A few weeks ago I discovered the beautiful aria "Tu del ciel ministro elleto" from Handel: link. It is part of an oratoria called Trionfo del Tempo e del Disinganno. I borrowed from the local library the complete oratoria, the version from Emmanuele Haïm with Natalie Dessay, Ann Hallenberg, etc.

While following the text with the included booklet I was wondering why one of the character's name 'Disinganno' is translated as Enlightenment in English, as Désillusion in french and as Erkenntnis in German.
Those seem to be 3 different meanings. According to google translate the closest translation to Disinganno is the french one, Désillusion, which is disillusionment in Englisch. The German word Erkenntnis is more something like knowledge and the English translation Enlightenment could be linked to Knowledge (whereby Enlightenment is the consequence of Knowledge), but it could also be something like spiritual enlightenment of course.

While I am typing this it seems like the question answered itself already  . Handel being part of the scientific revolution since the 16th century was probably one of those who saw in the gaining of knowledge of the world also a disenchantment of the world.
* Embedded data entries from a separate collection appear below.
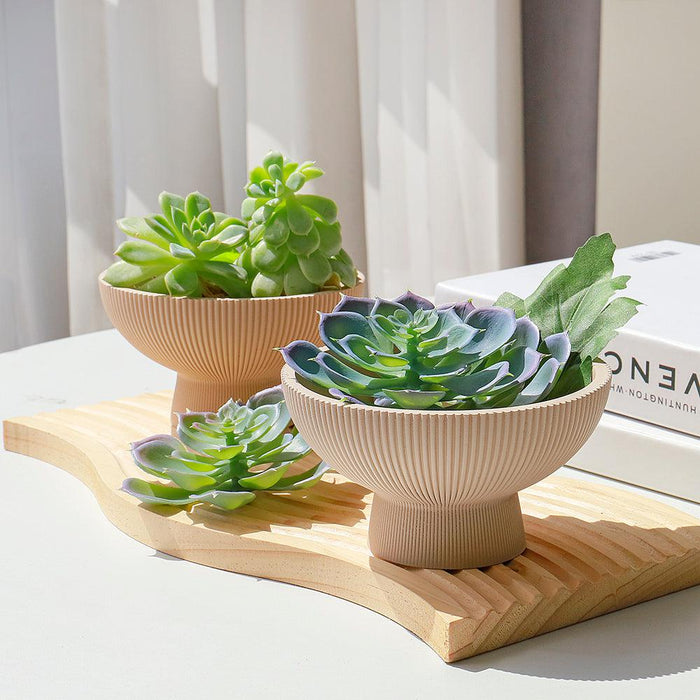 Set of 6 Ribbed Pedestal Decorative Bowls-Set of 6-Koyal Wholesale-Desert Tan-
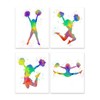 CheerLeader Abstract Art Wall Print 8 x 10" Set of
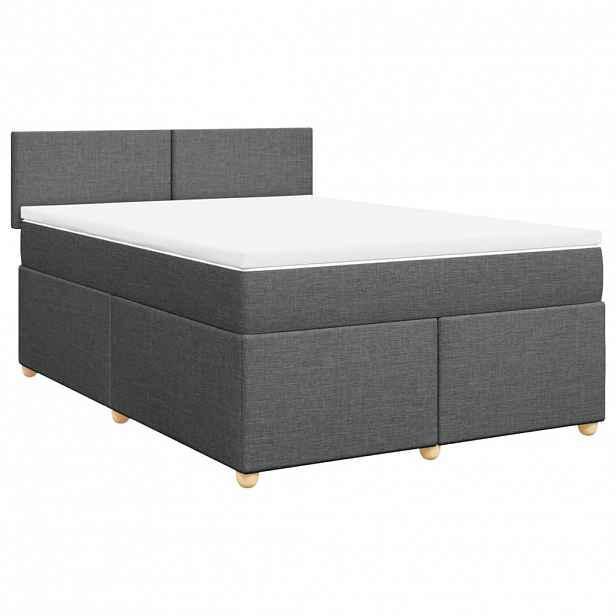 vidaXL Box spring postel s matrací tmavě šedá 140x200 cm textil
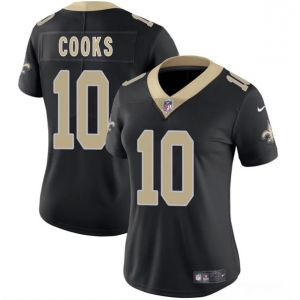 Women's New Orleans Saints #10 Brandin Cooks Black 2025 Vapor Limited Football Stitched Jersey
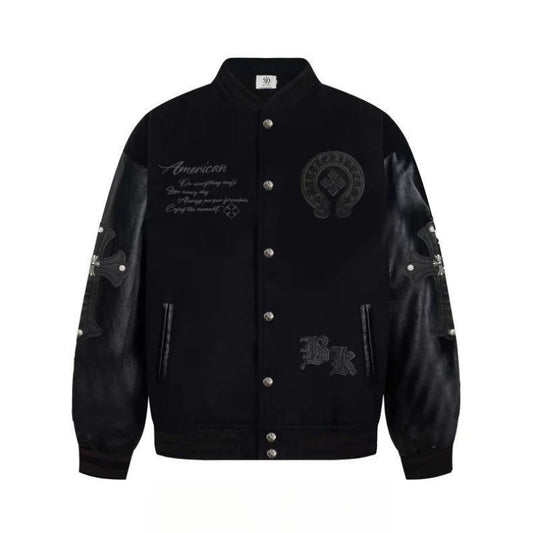 High Street Embroidered Bomber Jacket Men Spliced PU Leather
In that way the 4 translations can be linked in a direct way.

Though my question is answered I will still post it, as it might interest someone else.

All the best!


----------



## mamascarlatti (Sep 23, 2009)

Well looking at it purely linguistically, while enlightenment suggests a positive advance towards something, disinganno (dis + inganno) mean being removed from betrayal and deceit - igannare means to deceive and cheat. So it seems to me to have a comppletely different flavour.


----------



## Couac Addict (Oct 16, 2013)

Désillusion can also mean disappointment, depending on the context. Similar, but not quite the same.

...not that any of this brings you closer to an answer


----------



## Marcel (Aug 14, 2014)

I like Bertagnoli's version.


----------